In the 15 years since Virginia Euwer Wolff’s Make Lemonade was published, novels in verse have become a familiar genre, but Wolff was a pioneer and remains a master of the form. Interviewed by Roger Sutton for the Horn Book magazine in 2001, she said she wasn’t even sure that her writing was poetry, calling it “prose in funny-shaped lines.” But her free verse poetry was a perfect vehicle for her story of 14-year-old LaVaughn, who takes a babysitting job for down-on-her-luck Jolly, an unwed mother of two young children, and their relationship becomes a journey of discovering how to turn life’s lemons into lemonade.

Wolff won the National Book Award and a Printz Honor for True Believer, the sequel to Make Lemonade. Now, in the final novel in the Make Lemonade trilogy, three years have passed since the tale began, and LaVaughn is zeroing in on her life’s ambition to be the first in her family to attend college. She has been accepted into a special program called WIMS—Women in Medical Science. Science is her passion, as is doing good works for people, and she continues to babysit Jolly’s children, Jilly and Jeremy. But she makes a startling revelation and the scientific mystery she unravels will pull readers into the narrative as LaVaughn stakes her whole future on an act of conscience that could reunite Jolly with the mother she has never known.

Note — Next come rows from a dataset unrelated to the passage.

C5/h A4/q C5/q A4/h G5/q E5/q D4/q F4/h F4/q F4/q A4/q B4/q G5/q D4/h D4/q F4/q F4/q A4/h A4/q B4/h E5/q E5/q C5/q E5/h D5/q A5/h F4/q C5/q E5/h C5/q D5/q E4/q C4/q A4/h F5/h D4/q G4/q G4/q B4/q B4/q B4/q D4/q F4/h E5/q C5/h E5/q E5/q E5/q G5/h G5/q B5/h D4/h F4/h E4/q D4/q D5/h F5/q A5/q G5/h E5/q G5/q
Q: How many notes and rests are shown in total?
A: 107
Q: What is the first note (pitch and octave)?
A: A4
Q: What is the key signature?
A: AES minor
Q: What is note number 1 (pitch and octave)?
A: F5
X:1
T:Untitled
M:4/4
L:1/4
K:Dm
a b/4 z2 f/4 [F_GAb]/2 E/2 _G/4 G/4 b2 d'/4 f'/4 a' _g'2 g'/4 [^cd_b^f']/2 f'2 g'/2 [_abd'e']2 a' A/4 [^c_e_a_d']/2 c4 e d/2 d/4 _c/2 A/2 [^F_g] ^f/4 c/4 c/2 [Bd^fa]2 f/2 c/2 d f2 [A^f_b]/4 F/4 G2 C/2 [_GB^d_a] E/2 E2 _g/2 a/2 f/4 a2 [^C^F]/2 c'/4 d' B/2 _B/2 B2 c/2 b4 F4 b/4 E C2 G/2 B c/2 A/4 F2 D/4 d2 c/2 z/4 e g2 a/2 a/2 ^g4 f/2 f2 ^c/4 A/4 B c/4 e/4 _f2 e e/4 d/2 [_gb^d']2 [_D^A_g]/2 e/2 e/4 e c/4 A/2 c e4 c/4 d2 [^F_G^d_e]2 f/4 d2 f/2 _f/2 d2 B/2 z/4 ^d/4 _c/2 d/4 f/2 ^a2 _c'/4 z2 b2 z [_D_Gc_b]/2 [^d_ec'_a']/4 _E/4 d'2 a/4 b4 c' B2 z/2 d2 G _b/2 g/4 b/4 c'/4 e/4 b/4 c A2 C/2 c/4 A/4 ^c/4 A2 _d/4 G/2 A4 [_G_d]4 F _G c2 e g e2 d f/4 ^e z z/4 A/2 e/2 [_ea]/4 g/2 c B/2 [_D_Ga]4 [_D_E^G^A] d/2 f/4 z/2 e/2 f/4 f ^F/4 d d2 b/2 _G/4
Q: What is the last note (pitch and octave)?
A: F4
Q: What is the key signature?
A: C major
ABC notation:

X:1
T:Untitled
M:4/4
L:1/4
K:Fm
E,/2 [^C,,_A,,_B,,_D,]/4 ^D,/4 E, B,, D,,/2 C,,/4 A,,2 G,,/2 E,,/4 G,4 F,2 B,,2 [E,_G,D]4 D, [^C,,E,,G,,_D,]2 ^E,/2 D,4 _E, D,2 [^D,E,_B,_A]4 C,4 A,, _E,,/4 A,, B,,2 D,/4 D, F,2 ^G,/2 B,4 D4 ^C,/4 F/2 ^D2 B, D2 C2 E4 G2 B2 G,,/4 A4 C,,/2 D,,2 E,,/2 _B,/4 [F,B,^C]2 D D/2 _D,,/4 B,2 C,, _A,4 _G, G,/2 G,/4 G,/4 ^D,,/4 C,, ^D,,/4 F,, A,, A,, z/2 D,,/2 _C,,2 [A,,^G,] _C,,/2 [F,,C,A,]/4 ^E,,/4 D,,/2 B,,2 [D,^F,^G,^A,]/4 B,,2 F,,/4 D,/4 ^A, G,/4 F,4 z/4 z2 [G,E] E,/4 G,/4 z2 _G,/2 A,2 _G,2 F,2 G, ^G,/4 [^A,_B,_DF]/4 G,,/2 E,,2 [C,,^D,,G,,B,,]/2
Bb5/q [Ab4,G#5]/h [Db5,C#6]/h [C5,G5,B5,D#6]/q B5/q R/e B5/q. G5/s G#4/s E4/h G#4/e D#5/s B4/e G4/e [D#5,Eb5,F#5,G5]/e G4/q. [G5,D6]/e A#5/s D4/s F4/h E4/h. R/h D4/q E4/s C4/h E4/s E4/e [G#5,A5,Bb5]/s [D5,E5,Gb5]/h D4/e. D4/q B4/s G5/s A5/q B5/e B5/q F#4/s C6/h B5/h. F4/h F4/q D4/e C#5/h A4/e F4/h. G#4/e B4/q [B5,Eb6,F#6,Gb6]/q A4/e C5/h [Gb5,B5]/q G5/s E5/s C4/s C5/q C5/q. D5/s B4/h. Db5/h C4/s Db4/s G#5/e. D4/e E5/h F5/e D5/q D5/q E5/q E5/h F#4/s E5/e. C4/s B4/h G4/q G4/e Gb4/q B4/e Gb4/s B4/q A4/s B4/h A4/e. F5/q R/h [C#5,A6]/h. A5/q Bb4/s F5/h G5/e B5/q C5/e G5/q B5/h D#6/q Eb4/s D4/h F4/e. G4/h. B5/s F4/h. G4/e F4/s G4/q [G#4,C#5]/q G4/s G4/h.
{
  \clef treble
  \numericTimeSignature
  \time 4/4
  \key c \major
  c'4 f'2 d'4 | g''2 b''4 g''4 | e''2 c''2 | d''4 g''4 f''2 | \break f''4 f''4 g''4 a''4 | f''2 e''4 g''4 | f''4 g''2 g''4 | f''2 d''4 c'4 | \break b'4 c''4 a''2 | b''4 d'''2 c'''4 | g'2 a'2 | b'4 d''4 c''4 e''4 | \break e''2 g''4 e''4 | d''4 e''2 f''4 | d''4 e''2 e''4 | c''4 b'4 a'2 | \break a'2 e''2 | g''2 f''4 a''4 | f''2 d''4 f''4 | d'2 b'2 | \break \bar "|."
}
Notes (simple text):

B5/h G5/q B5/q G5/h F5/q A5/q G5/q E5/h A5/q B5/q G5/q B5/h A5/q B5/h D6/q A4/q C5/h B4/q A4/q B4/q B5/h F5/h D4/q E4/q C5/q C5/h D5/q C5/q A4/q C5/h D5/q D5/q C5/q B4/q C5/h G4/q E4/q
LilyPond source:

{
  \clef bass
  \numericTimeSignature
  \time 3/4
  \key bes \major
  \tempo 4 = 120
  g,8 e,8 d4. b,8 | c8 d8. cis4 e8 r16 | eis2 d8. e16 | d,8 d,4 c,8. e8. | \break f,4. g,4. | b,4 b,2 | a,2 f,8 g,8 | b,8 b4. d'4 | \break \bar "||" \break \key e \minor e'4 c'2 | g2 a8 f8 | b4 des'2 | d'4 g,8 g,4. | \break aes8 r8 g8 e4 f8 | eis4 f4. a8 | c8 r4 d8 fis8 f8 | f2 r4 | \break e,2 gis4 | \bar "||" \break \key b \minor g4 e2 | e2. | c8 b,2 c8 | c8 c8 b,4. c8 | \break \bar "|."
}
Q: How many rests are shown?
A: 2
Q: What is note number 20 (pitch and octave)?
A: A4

Free verse poetry serves LaVaughn’s first-person narrative as a direct line to her heart and mind, carrying the energy and emotional truth of LaVaughn’s voice in natural speech rhythms. The three volumes of the Make Lemonade trilogy exemplify what the free verse novel can be, a perfect matching of form and narrative to tell a powerful story.

This Full House is a memorable tale of family, friendship, conscience and tenacity. Though this third novel in Wolff’s series can stand on its own, teen readers new to the story will want to go back to the beginning and live three years with LaVaughn and Jolly.